Work to be completed → Nothing but the lines from the one with "Gestreepte, katoenen overhemdjurk" through the last line of the data should be restated, each word for word.

(Dataset items)
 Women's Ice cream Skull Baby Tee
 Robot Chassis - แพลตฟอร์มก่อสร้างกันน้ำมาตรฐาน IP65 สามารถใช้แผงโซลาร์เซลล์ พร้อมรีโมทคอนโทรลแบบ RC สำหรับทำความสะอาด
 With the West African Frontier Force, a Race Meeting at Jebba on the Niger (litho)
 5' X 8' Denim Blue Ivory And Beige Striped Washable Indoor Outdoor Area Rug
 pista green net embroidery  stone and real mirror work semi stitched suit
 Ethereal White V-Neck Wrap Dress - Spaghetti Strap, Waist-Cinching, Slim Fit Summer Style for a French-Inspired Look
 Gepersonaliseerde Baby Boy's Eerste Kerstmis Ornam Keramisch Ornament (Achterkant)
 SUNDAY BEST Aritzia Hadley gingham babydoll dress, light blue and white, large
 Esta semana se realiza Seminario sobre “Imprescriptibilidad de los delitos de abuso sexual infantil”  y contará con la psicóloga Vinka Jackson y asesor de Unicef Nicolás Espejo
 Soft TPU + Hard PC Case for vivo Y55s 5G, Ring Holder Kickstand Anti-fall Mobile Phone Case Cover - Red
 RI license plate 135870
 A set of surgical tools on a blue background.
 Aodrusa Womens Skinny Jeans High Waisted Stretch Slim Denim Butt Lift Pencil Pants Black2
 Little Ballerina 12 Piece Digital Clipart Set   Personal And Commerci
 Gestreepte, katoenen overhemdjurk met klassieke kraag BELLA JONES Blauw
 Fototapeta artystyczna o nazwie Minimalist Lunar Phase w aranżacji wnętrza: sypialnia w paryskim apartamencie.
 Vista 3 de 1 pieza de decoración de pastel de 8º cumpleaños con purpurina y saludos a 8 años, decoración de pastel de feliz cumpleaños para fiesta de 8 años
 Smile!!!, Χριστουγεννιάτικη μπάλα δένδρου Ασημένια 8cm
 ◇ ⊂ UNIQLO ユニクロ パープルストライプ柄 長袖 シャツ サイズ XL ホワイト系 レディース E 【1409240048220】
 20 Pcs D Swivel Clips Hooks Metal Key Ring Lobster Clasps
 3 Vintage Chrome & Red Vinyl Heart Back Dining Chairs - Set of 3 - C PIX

Response box →
 Gestreepte, katoenen overhemdjurk met klassieke kraag BELLA JONES Blauw
 Fototapeta artystyczna o nazwie Minimalist Lunar Phase w aranżacji wnętrza: sypialnia w paryskim apartamencie.
 Vista 3 de 1 pieza de decoración de pastel de 8º cumpleaños con purpurina y saludos a 8 años, decoración de pastel de feliz cumpleaños para fiesta de 8 años
 Smile!!!, Χριστουγεννιάτικη μπάλα δένδρου Ασημένια 8cm
 ◇ ⊂ UNIQLO ユニクロ パープルストライプ柄 長袖 シャツ サイズ XL ホワイト系 レディース E 【1409240048220】
 20 Pcs D Swivel Clips Hooks Metal Key Ring Lobster Clasps
 3 Vintage Chrome & Red Vinyl Heart Back Dining Chairs - Set of 3 - C PIX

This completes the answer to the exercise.